Risk	Impact	Mitigation
LLM reasoning error	Wrong action executed	Guardrails layer, confirmation on high-risk, blast radius limits
LLM provider downtime	System stops reasoning	Queue signals, retry with backoff, fallback to automation-only mode
Prompt injection	Malicious signals manipulate the LLM	Sanitize all external inputs before including in LLM context
Agent loops	Agents calling agents indefinitely	Max depth limit (3-4 hops), timeout per agent execution
Rule conflicts	Contradictory rules cause unpredictable behavior	Validation on rule creation, priority ordering
Runaway Automation	Destructive workflows continue executing after orchestrator shutdown.	Kill switch tied directly to external workflow engine cancellation APIs, not just local middleware
Stale Approvals	Executing an outdated plan on a changed infrastructure state causes secondary outages.	TTL on all approval requests + mandatory state re-validation post-approval
The Thundering Herd (Event Storms)	Multiple agents spawned for the same root cause collide and corrupt infrastructure state	Signal debouncing and correlation windows at the queue layer before orchestrator processing
Open-ended Command Execution	Agent hallucinates a destructive terminal command, wiping production data or infrastructure	Implement strict command allow-lists, ephemeral least-privilege credentials, and an absolute ban on raw shell access for all agents
Probabilistic Routing Drift	LLM misroutes a known urgent issue to a slow reasoning agent instead of instant automation, breaching MTTR	Implement a deterministic rules engine before the LLM to handle known alert signatures; restrict LLM routing strictly to novel or ambiguous signals
Agent State Collision (Race Conditions)	Concurrent agents read stale state and execute conflicting actions on the same infrastructure component	Implement strict distributed locking (e.g., Redis Redlock) on target infrastructure before an agent begins reasoning or execution
Malformed LLM Tool Calls	The LLM hallucinates incorrect parameters or invalid JSON, causing external automation engines to panic or execute broken workflows	Strict schema validation at the adapter boundary; drop and retry any tool call that fails schema enforcement before it reaches the execution layer

What you don't need

This architecture is deliberately simple.

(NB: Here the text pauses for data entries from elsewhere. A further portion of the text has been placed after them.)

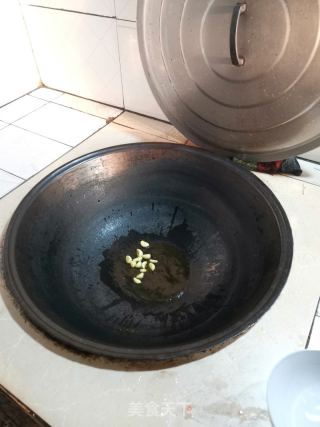 番茄牛腩的做法步骤：4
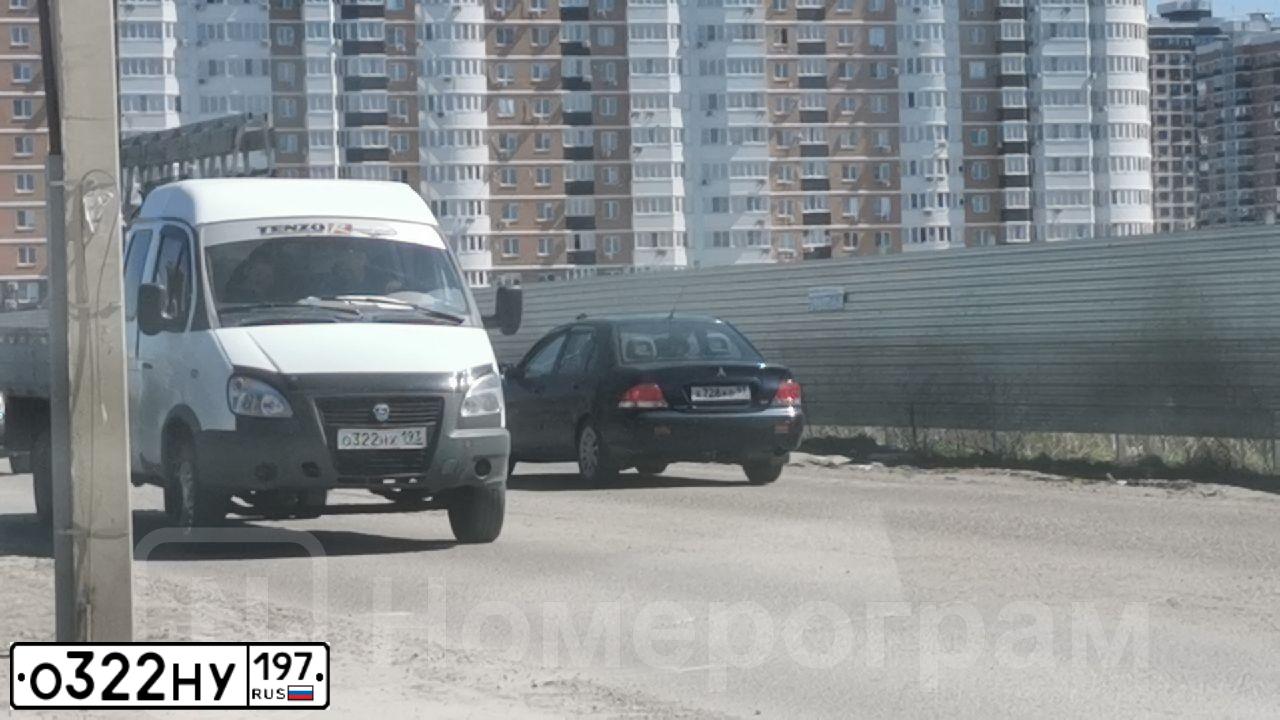 Фото автомобиля OPEL COMBO, 2008 — госномер Т985СТ790. Цвет: синий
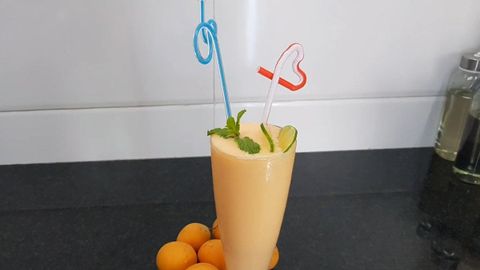Cách làm sinh tố thanh trà chua ngọt, tươi mát giải nhiệt cực đã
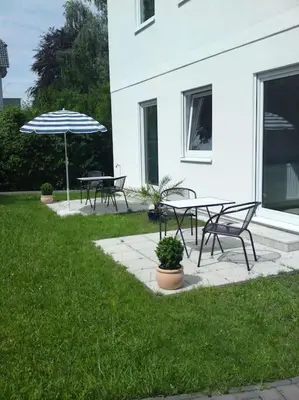 Ein Garten an der Unterkunft Berlin-direkt am Wasser bis 6 Personen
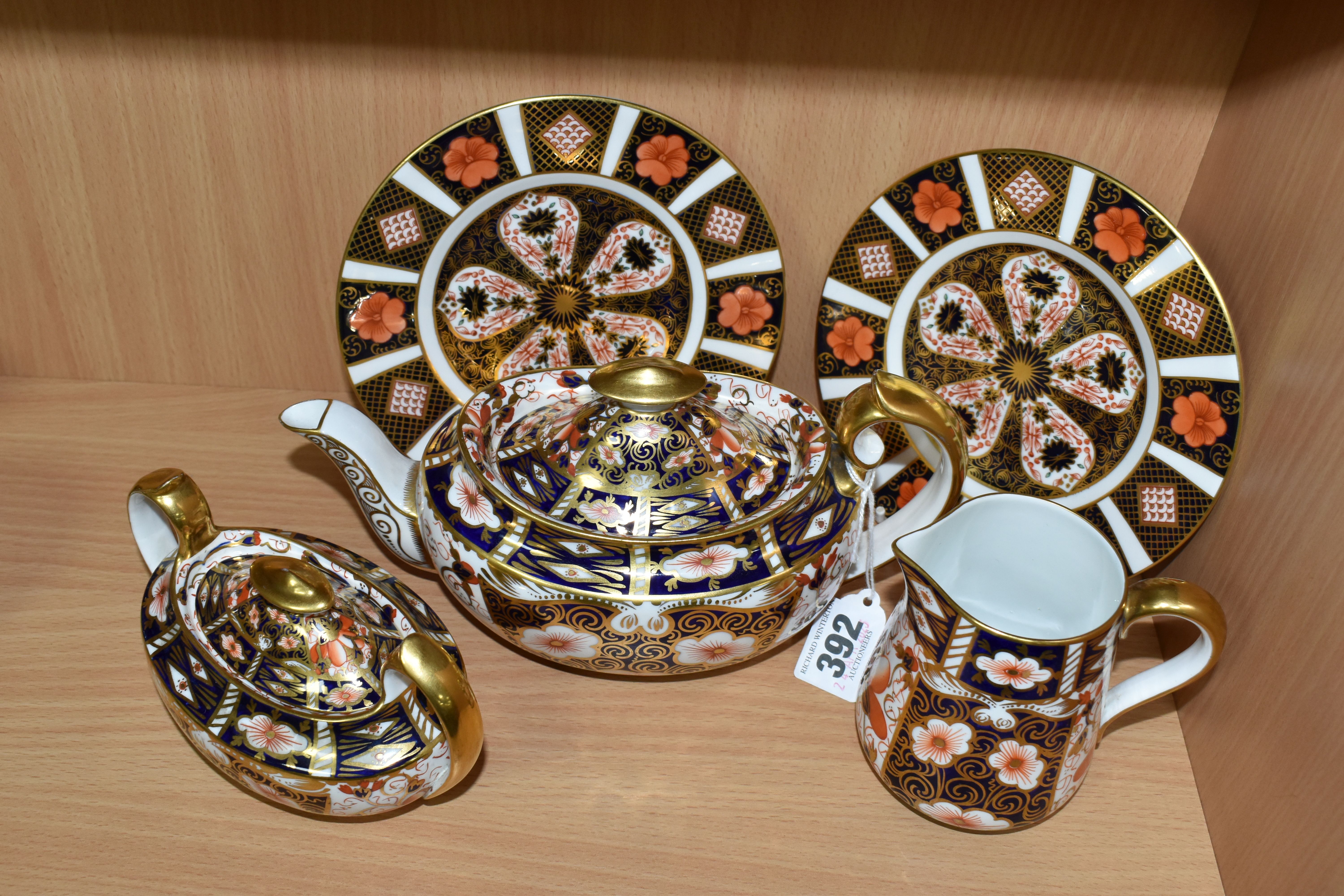 A GROUP OF ROYAL CROWN DERBY IMARI TEAWARES, comprising a 2451 pattern teapot, cream jug and covered - Image 3 of 4
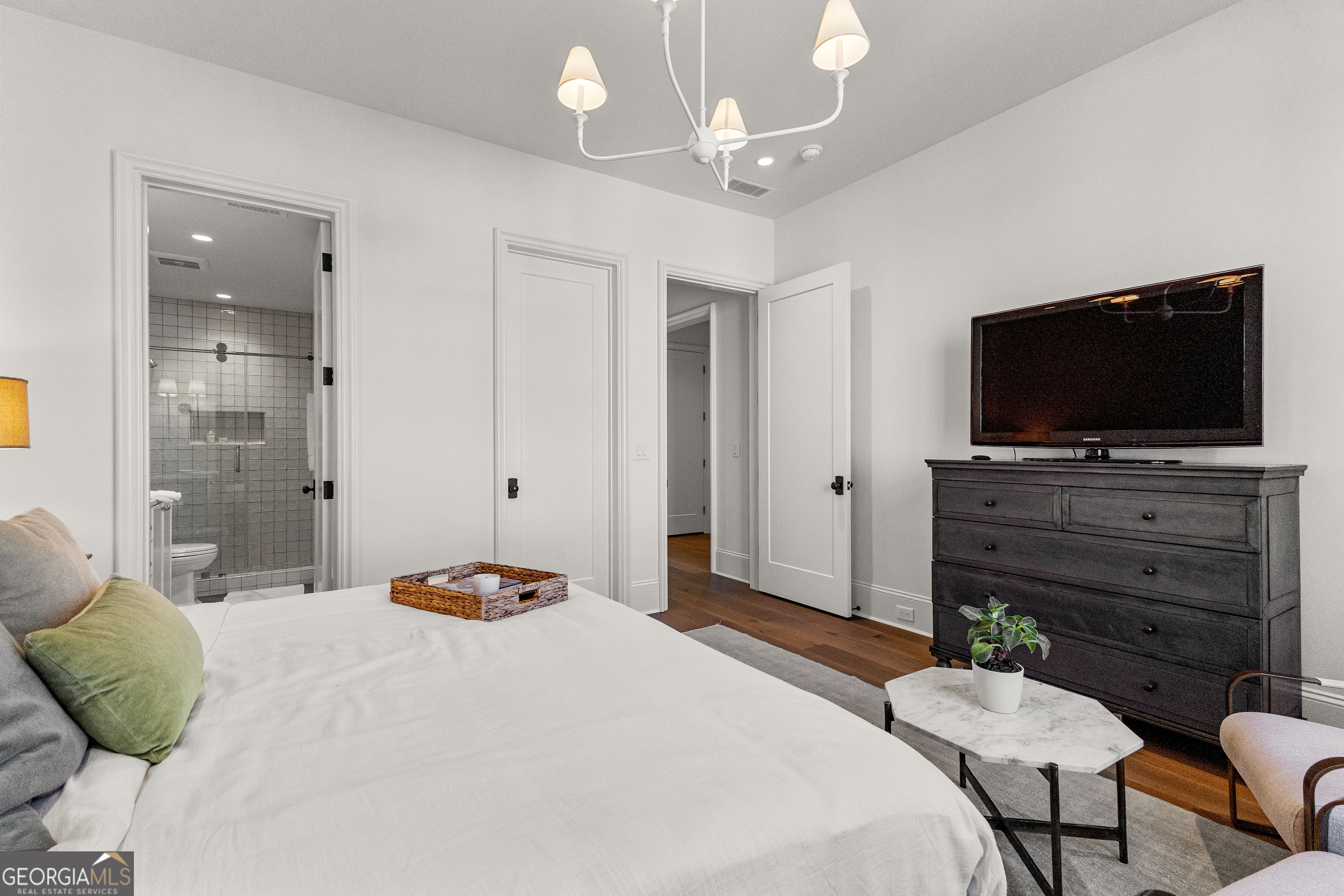 Fayetteville, Georgia 30214, United States, 5 Bedrooms Bedrooms, ,6 BathroomsBathrooms,Residential,Active,15855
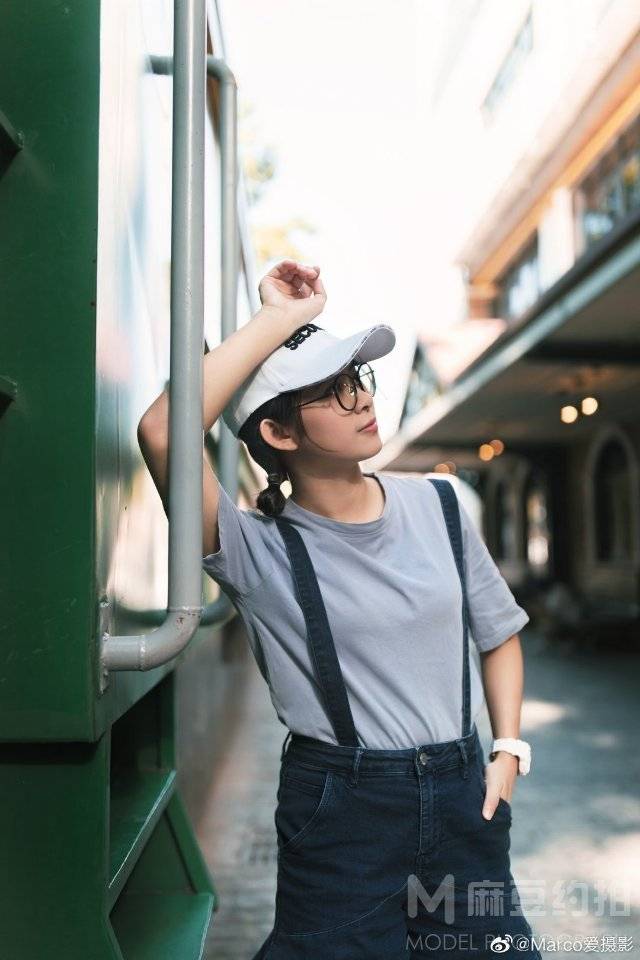 校园模特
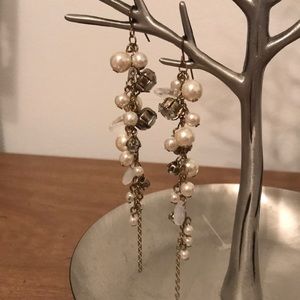 ♥️ Pearly and gold earrings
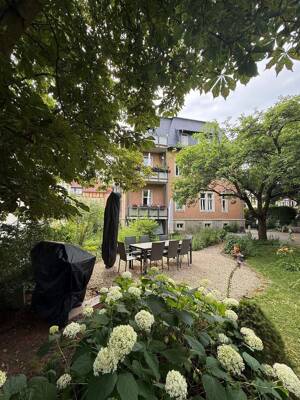 ! Eigennutzer aufgepasst ! Attraktive 3 Zi.Wohnung mit Balkon, Fußbodenheizung und Parkettboden !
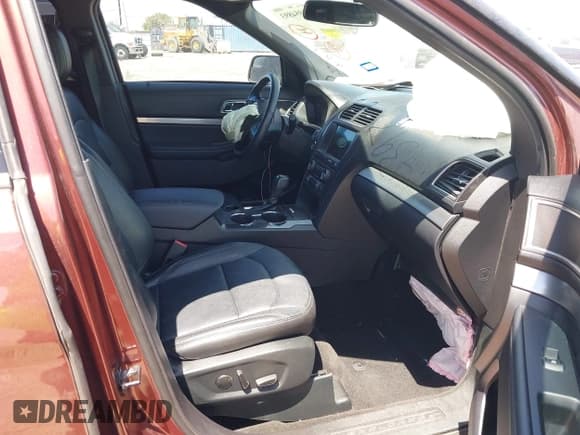 ✅ 2018 Ford Explorer XLT • VIN: 1FM5K7D83JGC84835 • Lot: 41954893. Wystawiony na IAAI z przebiegiem 47 821 mil. Bezpłatny archiwum sprzedaży aukcyjnych z USA i szczegółowy raport historii pojazdu na DreamBid. Zdjęcie 5.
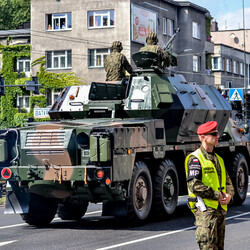 Defilada w Katowicach - Święto Wojska Polskiego [ZDJĘCIA]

Standard web infrastructure plus an LLM API. Specifically, you do not need: custom ML models or training, GPU infrastructure, complex multi-agent engine like LangGraph or CrewAI (direct API calls are simpler and more reliable), or Kubernetes (unless you choose to over-engineer from day one).

The entire system runs on application servers, a database, a cache, and API calls to your LLM provider. That's the point. The intelligence comes from the model. The value comes from the orchestration.